In 1947 and 1948, Finland signed treaties with Joseph Stalin after fighting two wars against the Soviet Union. The first “winter war”, between November 1939 and March 1940, occurred when Stalin invaded Finland, just as Putin has invaded Ukraine. In an echo of today, the Finns fought heroically and the Red Army disastrously, but in the end they were forced to sue for peace. The war continued when Nazi Germany invaded Russian in 1941. By 1944, the Finns realised they were on the losing side of World War Two and negotiated a separate armistice.
While there are similarities here, the political and psychological context is quite different from Ukraine today. Finland was on the losing side of a much wider war – not once but twice. Notwithstanding this, Stalin was relatively generous, preoccupied as he was with crushing freedom in Poland, East Germany and the rest of what became the Warsaw Pact.
And so, Finland was not re-annexed, nor were Finnish Communists empowered to simply take over. Finland was allowed to keep its democratic institutions and free elections. Trade with the West, while allowed, was hedged. Finland only became a full member of the European Free Trade Area in 1986, and joining the EEC was out of the question. Moreover, Finland had to pay enormous war reparations – a whole sector of the Finnish economy was committed to serving the Russians. They also had to accept a large Russian military base on their territory, which was only removed in 1956.

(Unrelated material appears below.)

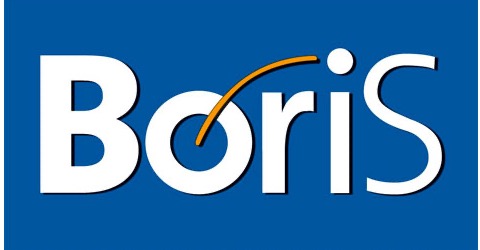 BoriS – Berufswahl-Siegel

Finland was therefore obliged to be a neutral state, not by choice, but through a mixture of formal written guarantees and informal ‘understandings’ between Russian leaders and a handful of senior Finnish politicians. While Finland could remain a free western-oriented country, they were to do nothing as regards military and foreign policy that might threaten the USSR. That meant returning many Russian dissidents back to the KGB and turning a blind eye to systematic human rights violations and the Soviet invasion of Afghanistan. By the late 1950s and early 1960s, then premier of the Soviet Union, Nikita Khrushchev had perfected the not-so-subtle art of interfering in Finnish politics to signal his displeasure at the make-up of Finnish coalition governments. Some Finnish parties had to informally agree to not join a government regardless of votes, lest it offend the Russians. The Soviet Politburo [executive committee] repeatedly signalled that they expected Urho Kekkonen to remain President of Finland for as long as possible, as ‘their man’ with whom they could do business. Kekkonen dominated Finnish politics for almost two decades. Finally, in 1991, Finland dumped their servile relationship with Russia. While remaining non-aligned they have joined the EU and despite not being a member, have become very close to NATO. All Finns understood the necessity of these horrible compromises given their history and place within the wider Cold War. People today who advocate historic Finnish-style neutrality as a quick fix for the Ukraine war would do well to understand that something as subtle or consensual is very unlikely to work today.